I have a (2x so far) reproducible case of <https:/...
# development
e
I have a (2x so far) reproducible case of https://github.com/pantsbuild/pants/issues/15312 in scie-pants CI for Pants 2.16.0.dev1+git298409b3 (298409b3a4d7914c29a3bea5098b55698967f658). This is not using --no-pantsd which some issue work that closed this issue out as dup seems to focus on.

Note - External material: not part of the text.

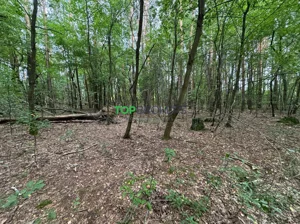 Działka 1 200,00 m², Nadarzyn, Sprzedaż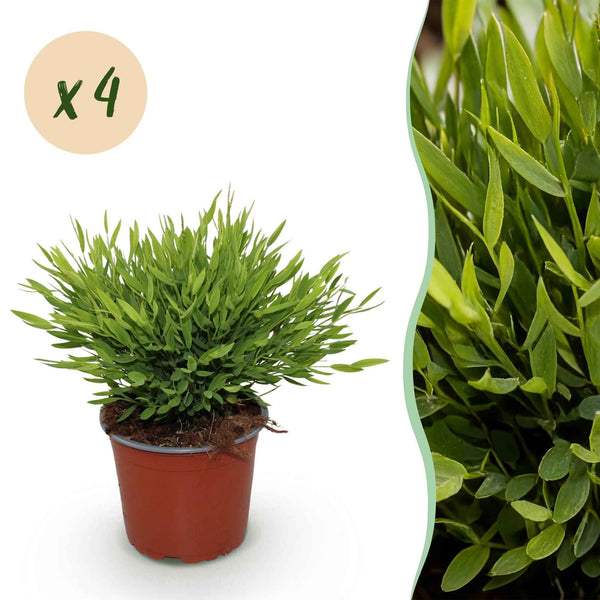 Bambusgras Zimmerpflanze - Bamusa Pogonatherum Monica - Haustierfreundlich - Topf 12cm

Seen here: + https://github.com/pantsbuild/scie-pants/actions/runs/3678739650/jobs/6222363684#step:7:464 + https://github.com/pantsbuild/scie-pants/actions/runs/3679867403/jobs/6224812319#step:8:463 Looks like:
Copy code
...
>> Verifying PANTS_SHA is respected
Bootstrapping Pants 2.16.0.dev1+git298409b3 using cpython 3.9.15
Installing pantsbuild.pants==2.16.0.dev1+git298409b3 into a virtual environment at /home/runner/.cache/nce/638e71475c6feb8228292d052407a5cf6b7813caf3630e80d42711d1081e8c1d/bindings/venvs/2.16.0.dev1+git298409b3
New virtual environment successfully created at /home/runner/.cache/nce/638e71475c6feb8228292d052407a5cf6b7813caf3630e80d42711d1081e8c1d/bindings/venvs/2.16.0.dev1+git298409b3.
21:30:47.58 [INFO] Initializing scheduler...
21:30:48.17 [INFO] Scheduler initialized.
2.16.0.dev1+git298409b3
Fatal Python error: PyGILState_Release: thread state 0x7f156c0010d0 must be current when releasing
Python runtime state: finalizing (tstate=0x14a06a0)

Thread 0x00007f1585b0ac00 (most recent call first):
<no Python frame>
Error: Command "dist/scie-pants-linux-x86_64" "--no-verify-config" "-V" failed with exit code: None
Error: Process completed with exit code 1.
I'm not sure this is that useful ... I do not hit the issue on my Linux box, only GH actions Ubuntu 20.04 CI runs so far.
b
I feel like I ran into something similar a while back. I'll respond when I get time if I find anyhting useful
e
And its not exercising the run goal either, just
./pants -V
Yeah, @bitter-ability-32190 I was referring to your close of that issue as dup and then further work Stu did.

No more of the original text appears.